--- Exercise input Enclosed Below ---

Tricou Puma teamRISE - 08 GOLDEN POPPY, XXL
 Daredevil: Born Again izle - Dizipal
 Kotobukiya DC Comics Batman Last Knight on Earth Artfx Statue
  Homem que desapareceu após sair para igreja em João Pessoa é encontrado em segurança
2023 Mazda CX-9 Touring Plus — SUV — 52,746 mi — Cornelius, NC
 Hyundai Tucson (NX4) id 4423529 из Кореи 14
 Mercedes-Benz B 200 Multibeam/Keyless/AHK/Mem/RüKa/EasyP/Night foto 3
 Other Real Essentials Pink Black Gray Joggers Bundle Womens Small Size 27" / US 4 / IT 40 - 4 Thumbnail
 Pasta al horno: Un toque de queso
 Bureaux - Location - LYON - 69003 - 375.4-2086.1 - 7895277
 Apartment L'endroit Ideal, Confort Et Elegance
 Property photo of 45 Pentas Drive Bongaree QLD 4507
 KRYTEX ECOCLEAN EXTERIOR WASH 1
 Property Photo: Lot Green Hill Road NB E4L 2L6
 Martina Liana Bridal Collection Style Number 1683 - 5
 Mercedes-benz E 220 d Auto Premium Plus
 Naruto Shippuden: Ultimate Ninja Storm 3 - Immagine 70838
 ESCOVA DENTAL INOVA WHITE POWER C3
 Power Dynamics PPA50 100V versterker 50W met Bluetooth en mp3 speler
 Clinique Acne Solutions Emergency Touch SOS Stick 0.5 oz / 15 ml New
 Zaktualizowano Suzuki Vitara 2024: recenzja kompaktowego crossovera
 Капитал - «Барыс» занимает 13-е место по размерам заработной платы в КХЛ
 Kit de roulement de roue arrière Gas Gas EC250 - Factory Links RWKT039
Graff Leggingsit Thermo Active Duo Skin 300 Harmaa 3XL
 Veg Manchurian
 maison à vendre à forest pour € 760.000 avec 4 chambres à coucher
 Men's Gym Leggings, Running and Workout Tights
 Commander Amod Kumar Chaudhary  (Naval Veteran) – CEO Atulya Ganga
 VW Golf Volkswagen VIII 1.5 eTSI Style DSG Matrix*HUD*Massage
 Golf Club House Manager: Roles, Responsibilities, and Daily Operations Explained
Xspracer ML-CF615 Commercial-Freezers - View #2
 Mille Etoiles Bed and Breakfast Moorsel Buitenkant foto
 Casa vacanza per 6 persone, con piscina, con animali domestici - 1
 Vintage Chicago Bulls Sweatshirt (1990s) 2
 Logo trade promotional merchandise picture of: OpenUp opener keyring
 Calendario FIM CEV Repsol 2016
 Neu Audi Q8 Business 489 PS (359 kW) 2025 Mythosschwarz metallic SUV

--- End of Enclosed Exercise input ---

▶ **What is expected**: Everything above from the line containing "Daredevil: Born Again izle - Dizipal" down to the line containing "Mercedes-Benz B 200" should be copied exactly, both end lines included, and nothing else.

▶ **Reply**:
 Daredevil: Born Again izle - Dizipal
 Kotobukiya DC Comics Batman Last Knight on Earth Artfx Statue
  Homem que desapareceu após sair para igreja em João Pessoa é encontrado em segurança
2023 Mazda CX-9 Touring Plus — SUV — 52,746 mi — Cornelius, NC
 Hyundai Tucson (NX4) id 4423529 из Кореи 14
 Mercedes-Benz B 200 Multibeam/Keyless/AHK/Mem/RüKa/EasyP/Night foto 3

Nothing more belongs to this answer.